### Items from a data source
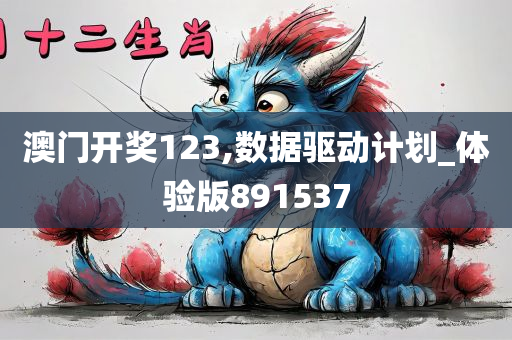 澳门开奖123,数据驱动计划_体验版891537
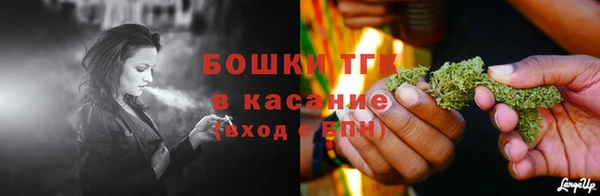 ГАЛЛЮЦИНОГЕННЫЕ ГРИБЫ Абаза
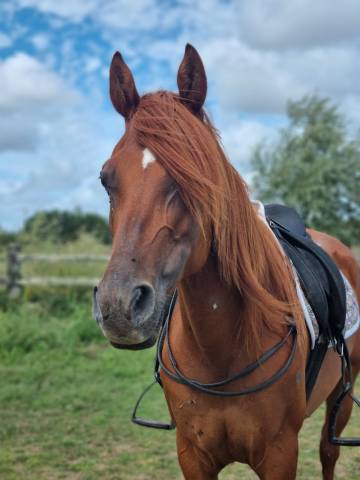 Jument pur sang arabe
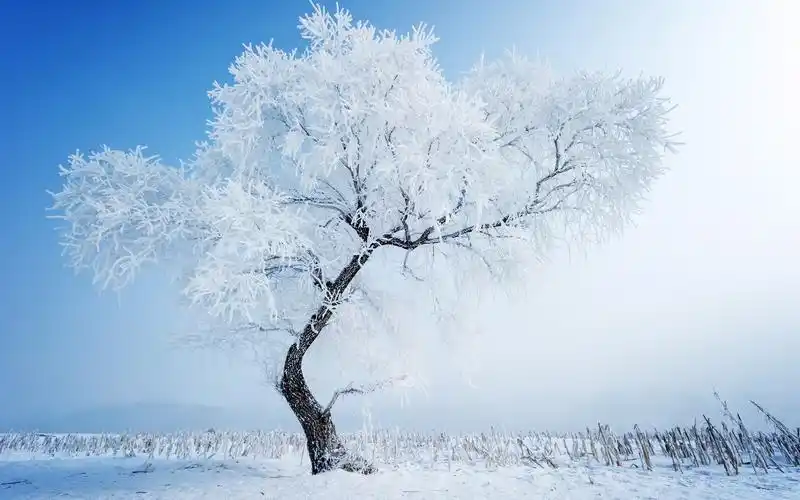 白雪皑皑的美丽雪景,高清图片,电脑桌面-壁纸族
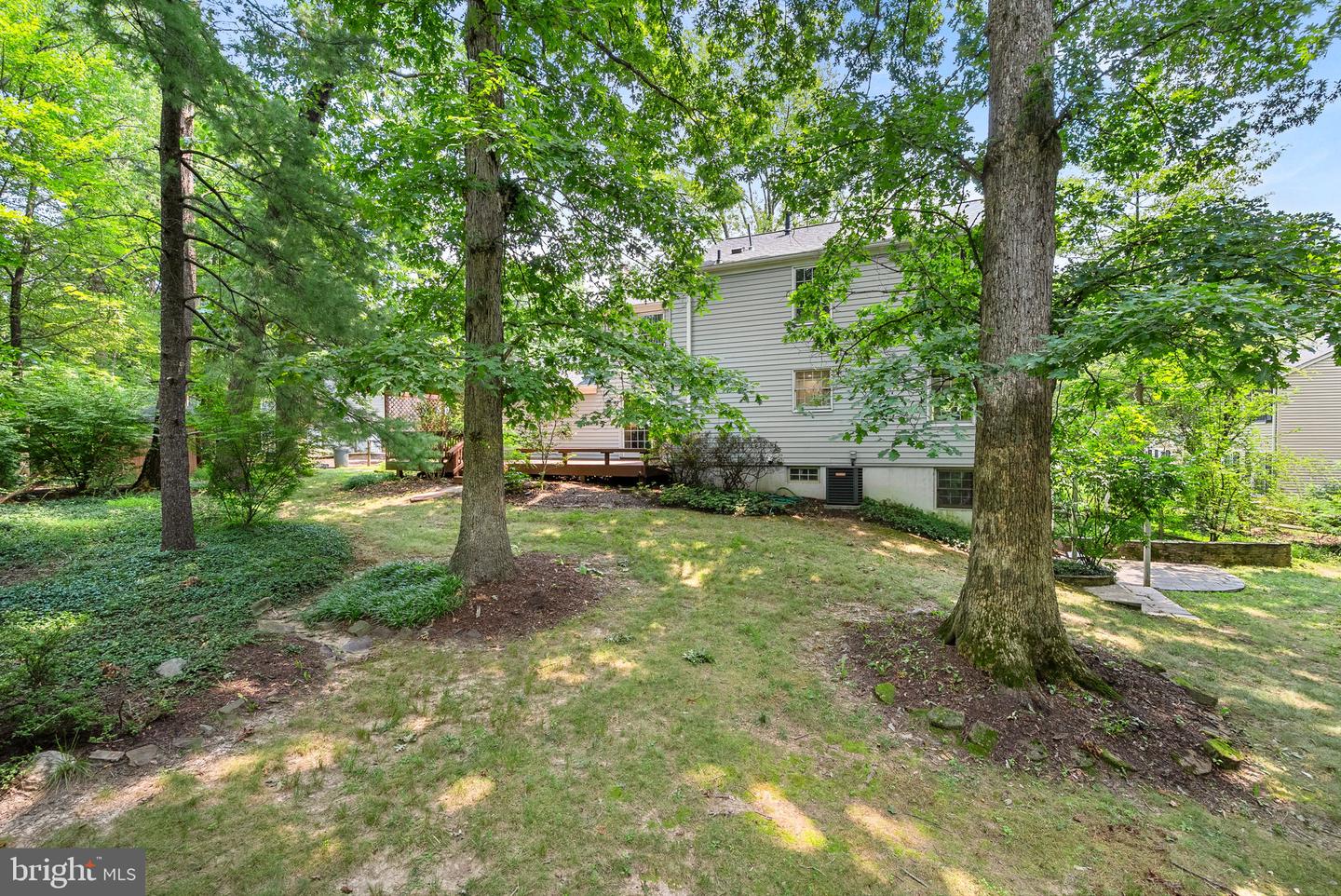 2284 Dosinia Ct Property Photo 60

### BRIEF
Write out each entry word for word, images excluded.

### WRITTEN RESPONSE
 澳门开奖123,数据驱动计划_体验版891537
 ГАЛЛЮЦИНОГЕННЫЕ ГРИБЫ Абаза
 Jument pur sang arabe
 白雪皑皑的美丽雪景,高清图片,电脑桌面-壁纸族
 2284 Dosinia Ct Property Photo 60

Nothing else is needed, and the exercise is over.